Re: Plugin confused

[Date Prev][Date Next][Thread Prev][Thread Next][Date Index][Thread Index]

 



On Mon, Nov 15, 2010 at 10:11 PM, Paul Davis <paul@xxxxxxxxxxxxxxxxxxxxx> wrote:
> On Mon, Nov 15, 2010 at 4:55 PM, Julien Claassen <julien@xxxxxxxx> wrote:
>> Hello Chip!
>>  I think there is the Vamps system. I don't know, what these plugins were
>> developed for.
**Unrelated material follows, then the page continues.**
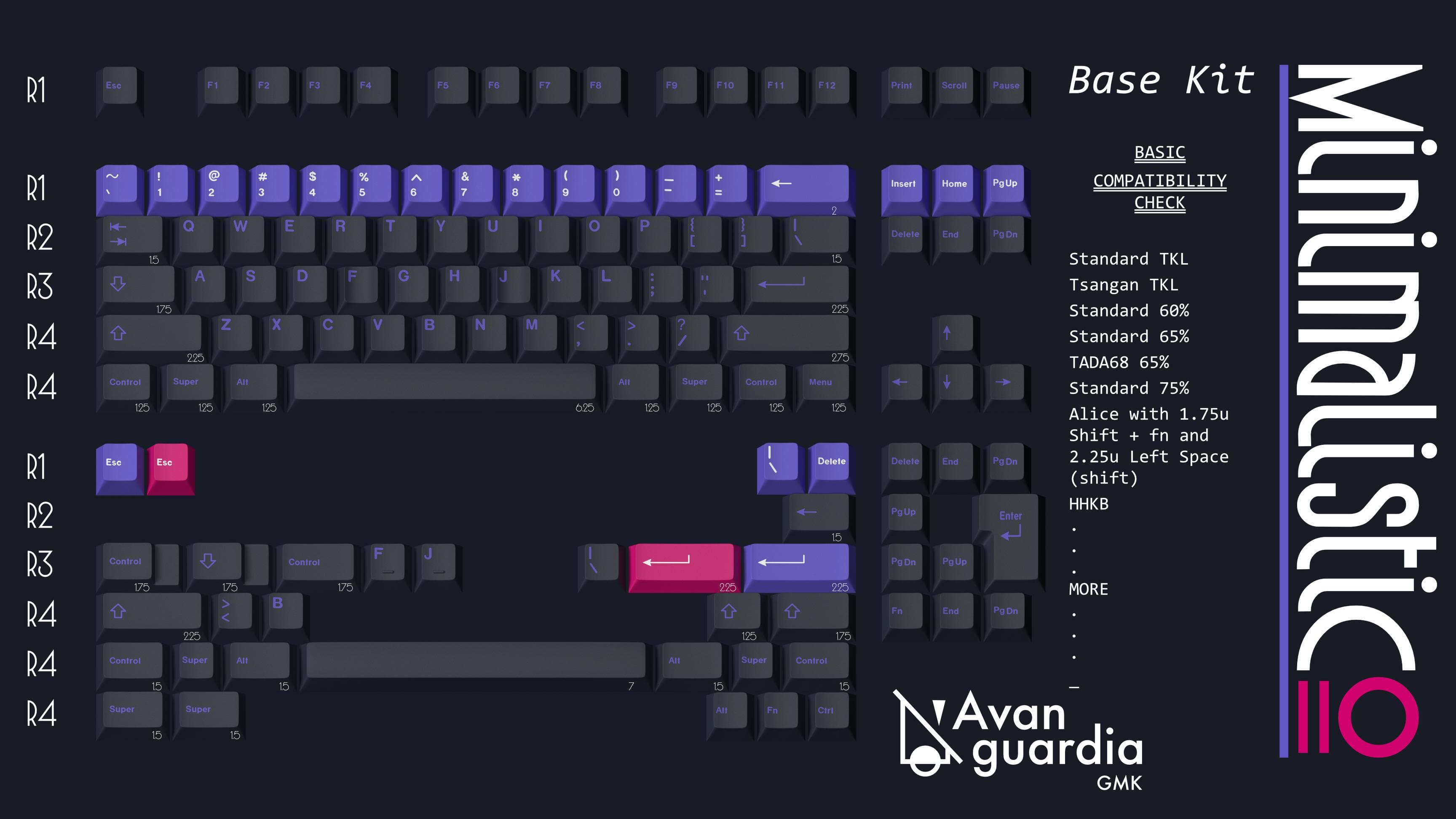 GMK Avanguardia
I know, that there are problems for finer speech processing.
>
> VAMP is not a realtime plugin API. Its designed for things that need
> to do at least 1 pass over the data before deciding what to do.

Not necessarily.  Vamp plugins can be causal, i.e. returning values as
they receive the input -- though at the moment there's no standard way
for hosts to find out whether a plugin is causal or not.  However,
it's true that they are never "real-time safe".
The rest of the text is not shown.